Back from a summer in Sarajevo, Shelby Jo Long-Hammond still wakes up in the middle of the night with "Sniper Alley" on her mind.
The infamous killing zone is quiet 15 years after people were routinely gunned down during the siege that pitted ethnic groups against each other in bloody conflict. But the echoes from that time made more poignant Long-Hammond's participation in the International Debate Education Association's youth forum in Bosnia and Herzogevenia.
"Since 15 years ago, when people were shot down every day and no one, especially from Serbia or Croatia, could visit the Bosnian Parliament building, there has been a lot of progress, but there are still tensions," said Long-Hammond, a Rocky Mountain College assistant professor of communication studies, who also coaches the RMC debate team.
"We were able to walk down that street," she said. "But thinking about how recently no one could walk where we did safely was pretty moving."
Long-Hammond was one of five debate trainers from the United States chosen to work with the IDEA forum that brought 300 students from 35 countries to learn about free speech and debate.
"I had students from Serbia working with students from Kosovo, and there was huge tension because Kosovo had just separated from Serbia," she said.
"There was intercultural tension with students from Georgia and Kazakstan, also. There is such intense nationalism in these new democracies in Eastern Europe and the former U.S.S.R. that it's easy to see how words turned to actual weapons.
"That heat is still there."
But, for Long-Hammond, the congregation of students from so may different cultures was an opportunity to instill in them the necessity of discourse rather than violence as a way to work on problems.
"While I may have worried some nights, that was not a preoccupation because, in the training labs, we made so much progress teaching how reason could prevail in finding solutions to issues," she said.
And, she noted, that former forbidden parliament building was where the final debate competition was held this year.
For Long-Hammond, this was more than a job to train foreign students.

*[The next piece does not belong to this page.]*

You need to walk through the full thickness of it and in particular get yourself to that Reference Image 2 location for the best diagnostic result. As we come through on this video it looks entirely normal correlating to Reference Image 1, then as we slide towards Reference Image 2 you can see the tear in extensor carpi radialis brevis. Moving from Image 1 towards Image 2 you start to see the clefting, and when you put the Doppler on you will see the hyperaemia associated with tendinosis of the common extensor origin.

It was also an opportunity to forge relationships that will result in opportunities for prospective high school students from Montana.
"These are all high schools students who come to the forum, and my participation will help open doors for high school students from our area who might want this great international experience," she said.

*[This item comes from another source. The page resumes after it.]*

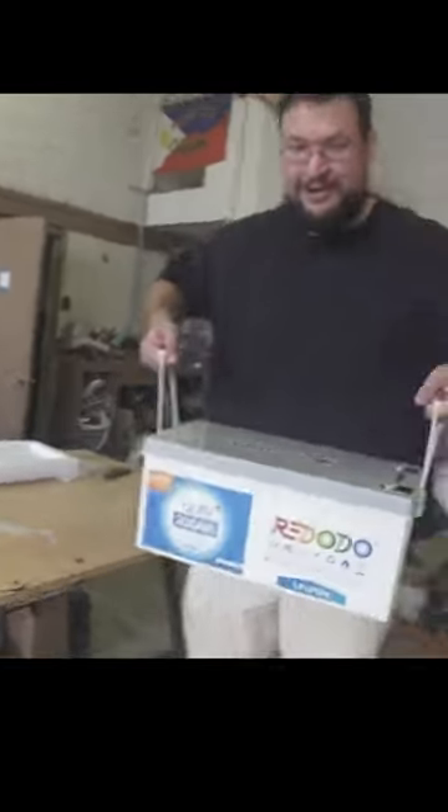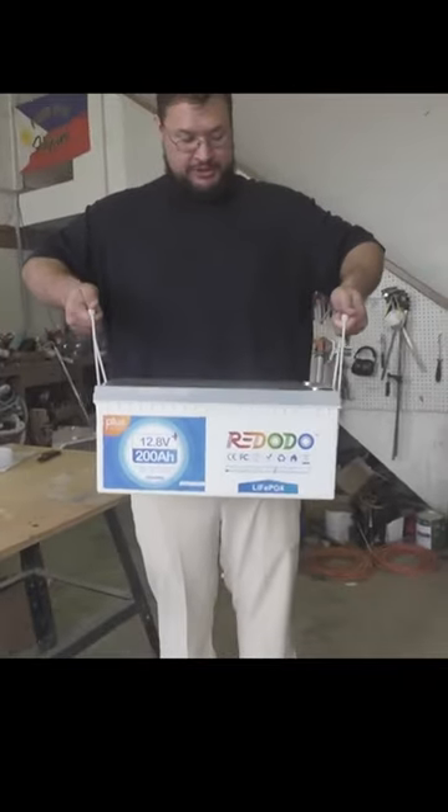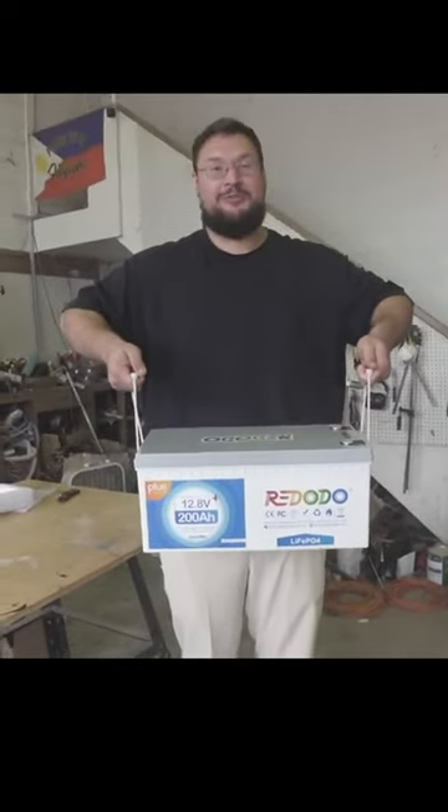Take a look at the backside here. Nice and easy to lift for sure. I very much love the handles.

One of Long-Hammond's goals is to assemble a team of three area high school students, with a coach - perhaps one of her college debate team's members - to attend next year's forum in the Netherlands.
"I know from my experience in Ireland when I was in college to now, when I take Rocky students to Ireland, that travel and experiencing other cultures is a wonderful part of education," she said.
"Exposure to other cultures for Montana high school kids certainly would be an advantage for their future education."
For Long-Hammond the international forums are a professional benefit.
"To be chosen is a professional honor, and I hope to be able to go to future forums planned in Rwanda and Guatemala. It always gives me a new perspective with application to what I do at Rocky," she said.
IDEA works to promote debate and discourse in newly developing democratic countries and organizes debate activities around the world. Long-Hammond was selected as a debate trainer for the 15th annual IDEA Youth Forum.
"My lab training partner was from Macedonia, so it was a truly intercultural educational experience," she said. "Just learning new language and learning how they use English is an experience."